Gundlach: Gold to $4,000, Musk's DOGE "Only Way" Out.
Gundlach: Gold to $4,000, Musk's DOGE Good
Authored by GoldFix, ZH Edit
Jeffrey Gundlach, CEO and CIO of DoubleLine, reiterated his bullish outlook on gold, predicting it will reach $4,000.
The Gold Bull Market Continues
On a recent investor call—held before gold futures crossed the $3,000 mark—Gundlach reaffirmed his long-standing bullish stance.
- “Gold continues its bull market that we’ve been talking about for a couple of years, ever since it was down to $1,800,” he said.
- He expects gold to reach $4,000, though he is uncertain about the timeline. “I feel like that’s the measured move anticipated by the long consolidation at around $1,800,” he added.
On Central Bank Demand and Gold’s Role
Gundlach highlighted aggressive central bank purchases of gold, noting the trend is unlikely to reverse.
- “Purchases have increased at a very sharp, steep trajectory.
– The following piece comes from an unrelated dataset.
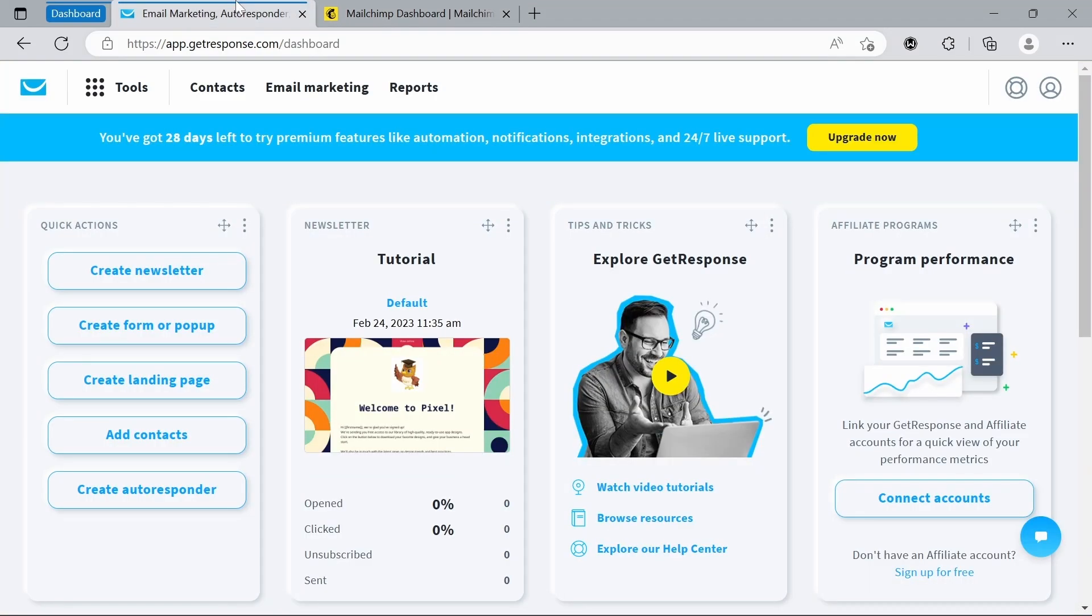Number two, pricing. GetResponse offers more affordable pricing plans for businesses with smaller email lists, while MailChimp's pricing can be more cost-effective for larger lists. Both platforms offer a free trial period, with GetResponse offering a longer 30-day trial compared to MailChimp's 14-day trial.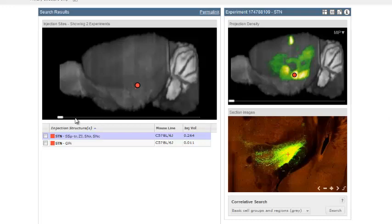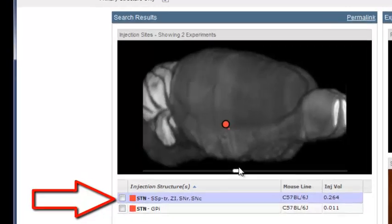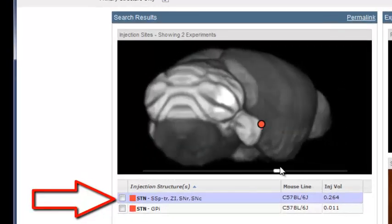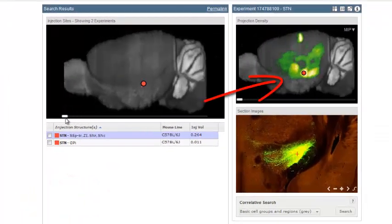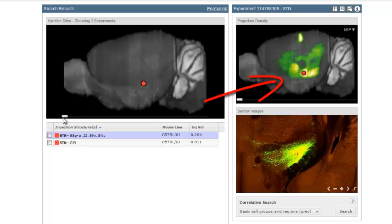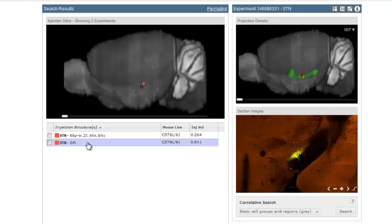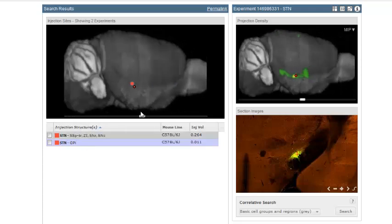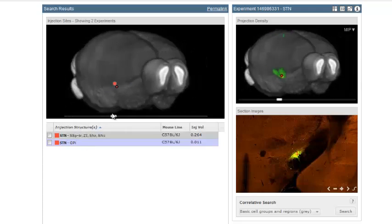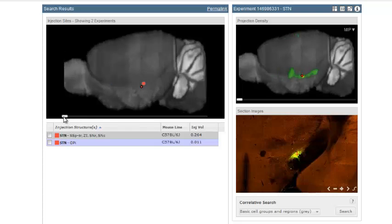Of these two experiments, you'll notice one has several secondary injection sites, some of which are not part of the system we're looking at, and you can also see extensive signal throughout the brain. The second experiment lists only the subthalamic nucleus and globus pallidus as injection sites, and shows signal in restricted areas of the brain. Let's take a closer look at this experiment.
And I don’t expect this to stop.”
- He sees gold’s appeal as a store of value outside the traditional financial system, which he describes as being in a “state of flux.”
On European Equities and the Dollar’s Decline
Gundlach is not surprised by the recent outperformance of European stocks as the U.S. dollar trends lower.
- DoubleLine began investing in Europe around 2021. “It was painful for a couple of years from 2023 to 2025, but now it’s got a lot of momentum,” he said.
- He views the shift as part of a broader market rotation away from U.S. dominance.
Regarding Tech Vulnerability and Fiscal Policy
Gundlach addressed the changing perception of major U.S. tech stocks, particularly the “Magnificent Seven.”
- “They were viewed as invulnerable, but now it’s clear they are not. Every sector is always vulnerable, and we’re starting to obviously see that.”
He also supports Elon Musk-led government spending cuts.
- “I’m quite in favor of that happening because it’s the only way we can try to get our fiscal house in order.”
Recession Risk and Fed Policy
Gundlach assigns a 60% probability of a U.S. recession this year—well above Wall Street consensus.
- He described the bond market’s reaction to Federal Reserve policy as volatile.
- “It’s been a roller-coaster ride—pricing in anywhere from one to eight cuts, then back to one, and now moving toward more cuts again. This continues to gyrate.”
Bottom Line: Gundlach remains firm in his gold outlook, sees market rotations accelerating, and expects economic uncertainty to persist.